Claimants who, in federal district court, seek confirmation of an arbitration award under 9 U.S.C.A. Section 9, must demonstrate independent grounds of federal subject matter jurisdiction. General Atomic Co. v. United Nuclear Corp., 655 F.2d 968, 969 (9th Cir.1981). The provisions of 9 U.S.C.A. Section 9 do not in themselves confer subject matter jurisdiction on a federal district court. Under the Federal Arbitration Act, federal jurisdiction is available only if otherwise available through some independent source such as 28 U.S.C.A. Section 1331 or Section 1332. Mesa Operating Ltd. Partnership v. Louisiana Intrastate Gas Corp., 797 F.2d 238, 240 (5th Cir.1986).

As stated by the Ninth Circuit Court of Appeals in General Atomic Co. v. United Nuclear Corp., 655 F.2d at 970,

[c]ourts are in agreement that the Arbitration Act itself is not a grant of jurisdiction. Section 9 is potentially inconsistent with this view because on its face it could be read as granting the district court jurisdiction of an application to confirm an award. On the otherhand, Section 9 does not contain language common to jurisdictional grants, and to require independent jurisdictional grounds under other sections and not under Section 9 renders the Act a `patchwork of individual statutes bereft of any coherent plan.' Thus, the provisions of the Act apply to actions which have an independent jurisdictional basis. 13 C. Wright, A. Miller E. Cooper, Federal Practice and Procedure, Section 3569, 467-470 (1975).

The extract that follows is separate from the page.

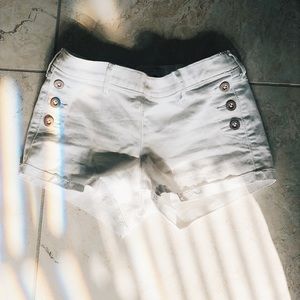Abercrombie Kids buttoned, stretchy white shorts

Public Law 100-702 Section 201 raised the jurisdictional limits set forth in 28 U.S. C.A. Section 1332 to $50,000.00, effective for all civil actions commenced after May 18, 1989. Plaintiff instituted the above-styled cause on May 25, 1989. Thus, diversity jurisdiction is not present in the instant case, as Plaintiff has failed to allege damages in excess of $50,000, the jurisdictional amount required. As Plaintiff has failed to allege independent grounds to justify an exercise of federal jurisdiction, the above-styled cause must be dismissed for lack of subject matter jurisdiction. Accordingly, it is hereby

ORDERED AND ADJUDGED that Claimant's, QUICK & REILLY, INC., Petition to Confirm Arbitration Award and Enforce Judgment Consistent Therewith is DENIED. It is further ORDERED AND ADJUDGED that Respondent's Motion to Dismiss for lack of subject matter jurisdiction is GRANTED. Accordingly, this action is DISMISSED WITHOUT LEAVE TO AMEND. This Order, however, is without prejudice as to an action filed in state court, and thus, Claimant is free to pursue a remedy in that forum.

DONE AND ORDERED.

NOTES

[1] Paragraph 13 of the Option Agreement provides:

I understand that I have the right to have any dispute between us arising under the federal securities laws resolved through litigation in the courts. In lieu of using the courts, we may agree, after any such dispute has arisen, to settle it by arbitration before an appropriate tribunal. However, I understand that any other dispute between us arising out of any option transaction or this Agreement shall be settled by arbitration before the New York Stock Exchange, Inc., which must be commenced by a written notice of intention to arbitrate. Judgment upon an award rendered may be entered in any appropriate court.

The Margin Agreement contains substantially similar language.